-
Notifications
You must be signed in to change notification settings - Fork 28
How ALVR works
This document details some technologies used by ALVR.
If you have any doubt about what is (or isn't) written in here you can contact @zarik5, preferably on Discord.
Note: At the time of writing, not all features listed here are implemented
ALVR is made of two applications: the server and client. The server is installed on the PC and the client is installed on the headset. While the client is a single APK, the server is made of three parts: the launcher, the driver and the dashboard. The launcher (ALVR Launcher.exe
) is the single executable found at the root of the server app installation. The driver is located in bin/win64/
and named driver_alvr_server.dll
. The dashboard is a collection of files located in dashboard/
.
The launcher sets up the PC environment and then opens SteamVR, which loads the ALVR driver. The driver is responsible for loading the dashboard and connecting to the client.
ALVR is written in multiple languages: Rust, C, C++, Java, HTML, Javascript, HLSL, GLSL. C++ is the most present language in the codebase but Rust is the language that plays the most important role, as it is used as glue and more and more code is getting rewritten in Rust.

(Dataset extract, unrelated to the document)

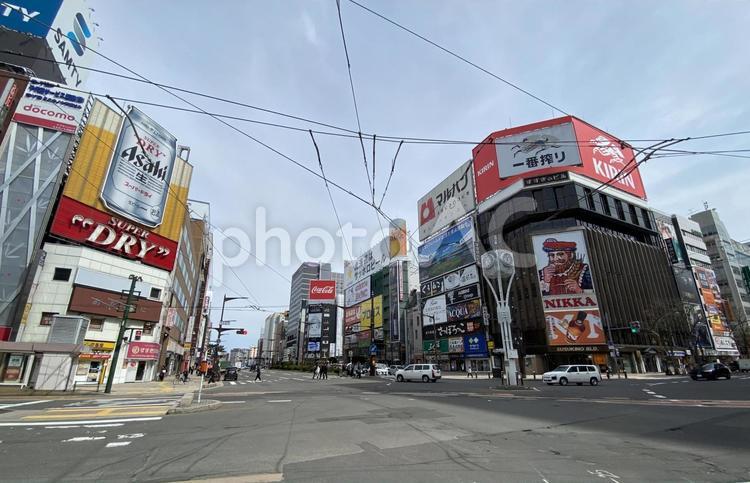 札幌市中央区すすきの４丁目交差点ニッカ 札幌市,すすきの,交差点の写真素材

Rust is a system programming language focused on memory safety and ease of use. It is as performant as C++ but code written on it is less likely to be affected by bugs at runtime. A feature of Rust that is extensively used by ALVR is enums, that correspond to tagged unions in C++. Rust's enums are a data type that can store different kinds of data, but only one type can be accessed at a time. For example the type Result
can contain either an Ok
value or an Err
value but not both. Together with pattern matching, this is the foundation of error management in Rust applications.
C++ and Java code in ALVR is legacy code inherited by the developer @polygraphene; it is almost unmaintained and it is getting replaced by Rust. HTML and Javascript are used to write the dashboard.
-
alvr/
: This is where most of the code resides. Each subfolder is a Rust crate ("crate" means a code library or executable).-
alvr/client/
: Crate that builds the client application.alvr/client/android/
is the Android Studio project that builds the final APK. -
alvr/common/
: Code shared by both client and server. It contains code for settings generation, networking, audio and logging. -
alvr/launcher/
: This crate build the launcher executable. -
alvr/server/
: This crate builds the driver DLL.alvr/server/cpp/
contains the legacy code. -
alvr/settings-schema/
andalvr/settings-schema-derive/
: Utilities for settings code generation. -
alvr/xtask/
: Build utilities. The code contained in this crate does not actually end up in the final ALVR applications.
-
-
server_release_template/
: Contains every file for ALVR server that does not require a build pass. This includes the dashboard. -
wix/
: WIX project used to crate the ALVR installer on Windows.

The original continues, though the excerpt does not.